Today, the name Fessenden brings to mind little more than a street in Washington, D.C. On September 8, 1869, however, it identified perhaps the most significant senator of the entire Civil War era—William Pitt Fessenden, Republican of Maine. When the 62-year-old Fessenden died on that day, his Senate colleagues genuinely grieved at the loss of a legislative giant.

Fessenden came to the Senate in February 1854, at the start of a bitter three-month debate over the Kansas-Nebraska Act. After only nine days in office, he delivered a powerful floor speech accurately predicting that if the measure were enacted, opening the nation's western territories to slavery, it would set the North and South on a course toward inevitable disunion.

During the Civil War, Fessenden chaired the Senate Finance Committee, which also served as the Senate's principal appropriating committee. Long hours under enormous pressure regularly brought him to the point of physical exhaustion as he worked to shape vital wartime funding legislation. He once said he was "content to work like a dog" while "leaving all the jabber to others." Fessenden's quick temper intimidated colleagues and lobbyists who appeared before his committee. To those whose expensive requests seemed at odds with his priorities for waging the war, he barked, "It is time for us to begin to think a little more about the money!"

When Fessenden reluctantly left the Senate in 1864 to serve as treasury secretary, he found the treasury nearly empty. After negotiating a bond issue that produced the revenue necessary to conclude the war, he returned to the Senate in 1865. As chairman of the Joint Committee on Reconstruction, he worked for a temperate plan to reunite the nation under congressional—not presidential—leadership. Although he disliked President Andrew Johnson, he opposed his 1868 impeachment and used his influence with six other Senate Republicans to gain the essential votes for Johnson's acquittal. In 1869 Fessenden became chairman of the recently established Committee on Appropriations, but died before he could place his mark on that panel.

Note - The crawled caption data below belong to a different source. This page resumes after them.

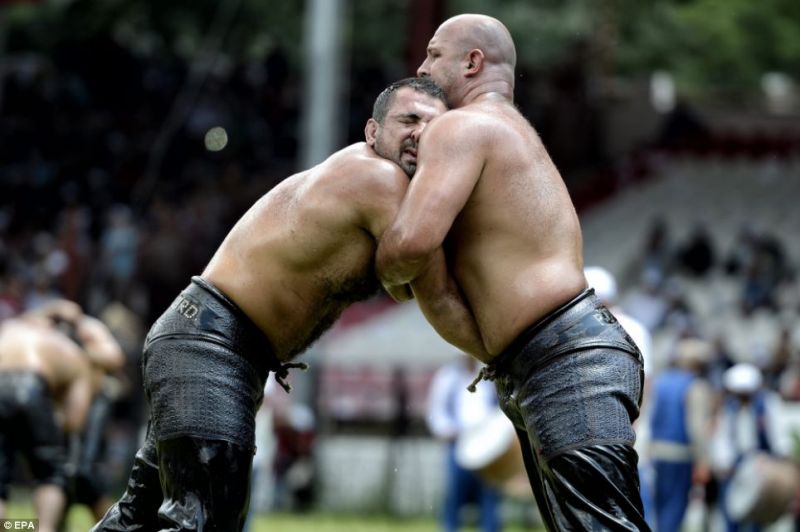 turkish wrestling kispet below hips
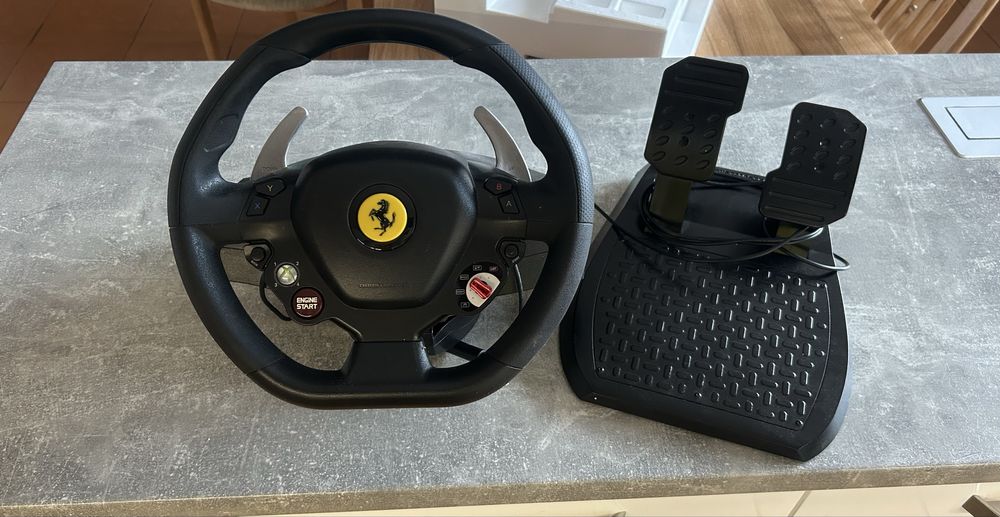 Kierownica Thrustmaster 458 Ferrari / Stan idealny / Xbox 360 i PC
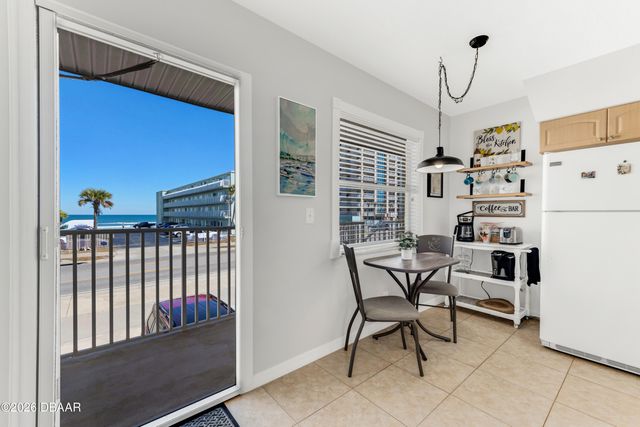 3724 S Atlantic Ave Unit 8, Daytona Beach Shores, FL 32118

As a practical and cautious behind-the-scenes senator who concentrated on fiscal and monetary policy, Fessenden failed to attract the attention that journalists and historians have given to the Radical Republicans like Charles Sumner, who concentrated on slavery issues. Today, Sumner is remembered in the Capitol with an oil portrait and marble bust. Fessenden lies largely forgotten in an unmarked family grave in Portland, Maine.